PROVIDED MATERIAL:
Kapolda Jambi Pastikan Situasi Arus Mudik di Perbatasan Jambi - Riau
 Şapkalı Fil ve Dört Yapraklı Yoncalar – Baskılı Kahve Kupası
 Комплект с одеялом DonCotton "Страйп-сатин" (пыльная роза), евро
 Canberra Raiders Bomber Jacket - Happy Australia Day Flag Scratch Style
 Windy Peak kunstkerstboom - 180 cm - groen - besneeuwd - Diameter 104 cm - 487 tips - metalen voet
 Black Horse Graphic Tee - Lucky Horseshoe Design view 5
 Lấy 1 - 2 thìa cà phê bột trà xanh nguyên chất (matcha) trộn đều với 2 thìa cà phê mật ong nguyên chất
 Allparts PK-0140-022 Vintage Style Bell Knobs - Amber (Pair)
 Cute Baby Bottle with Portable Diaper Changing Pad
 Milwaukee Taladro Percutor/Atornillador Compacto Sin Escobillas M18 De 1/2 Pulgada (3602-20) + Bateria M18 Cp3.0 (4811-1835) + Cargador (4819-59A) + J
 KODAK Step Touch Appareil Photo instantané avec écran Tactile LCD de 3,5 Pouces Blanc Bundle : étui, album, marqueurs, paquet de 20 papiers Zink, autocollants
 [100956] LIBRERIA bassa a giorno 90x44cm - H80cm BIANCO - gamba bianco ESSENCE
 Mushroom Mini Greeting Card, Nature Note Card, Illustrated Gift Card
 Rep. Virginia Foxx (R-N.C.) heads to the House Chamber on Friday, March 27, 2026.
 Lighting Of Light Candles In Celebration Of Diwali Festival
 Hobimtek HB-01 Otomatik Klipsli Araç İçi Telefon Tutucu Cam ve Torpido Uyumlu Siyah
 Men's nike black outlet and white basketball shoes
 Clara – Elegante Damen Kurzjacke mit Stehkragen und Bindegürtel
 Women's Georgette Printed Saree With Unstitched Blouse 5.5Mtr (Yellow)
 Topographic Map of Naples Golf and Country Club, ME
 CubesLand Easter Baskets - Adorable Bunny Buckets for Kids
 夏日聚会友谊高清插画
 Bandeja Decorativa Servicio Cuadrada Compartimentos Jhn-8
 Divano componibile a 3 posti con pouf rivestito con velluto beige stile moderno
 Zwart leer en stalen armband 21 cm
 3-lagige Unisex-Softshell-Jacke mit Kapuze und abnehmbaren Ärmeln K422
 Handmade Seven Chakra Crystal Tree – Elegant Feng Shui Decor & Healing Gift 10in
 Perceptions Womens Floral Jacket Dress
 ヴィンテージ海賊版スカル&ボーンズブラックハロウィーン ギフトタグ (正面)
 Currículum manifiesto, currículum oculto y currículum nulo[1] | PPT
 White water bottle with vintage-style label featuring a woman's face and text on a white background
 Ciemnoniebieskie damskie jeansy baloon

TASK DIRECTIONS: The first line of the records and every line down to the line with "Cute Baby Bottle" must be quoted exactly; leave out all else.

RESPONSE TO THIS TASK:
Kapolda Jambi Pastikan Situasi Arus Mudik di Perbatasan Jambi - Riau
 Şapkalı Fil ve Dört Yapraklı Yoncalar – Baskılı Kahve Kupası
 Комплект с одеялом DonCotton "Страйп-сатин" (пыльная роза), евро
 Canberra Raiders Bomber Jacket - Happy Australia Day Flag Scratch Style
 Windy Peak kunstkerstboom - 180 cm - groen - besneeuwd - Diameter 104 cm - 487 tips - metalen voet
 Black Horse Graphic Tee - Lucky Horseshoe Design view 5
 Lấy 1 - 2 thìa cà phê bột trà xanh nguyên chất (matcha) trộn đều với 2 thìa cà phê mật ong nguyên chất
 Allparts PK-0140-022 Vintage Style Bell Knobs - Amber (Pair)
 Cute Baby Bottle with Portable Diaper Changing Pad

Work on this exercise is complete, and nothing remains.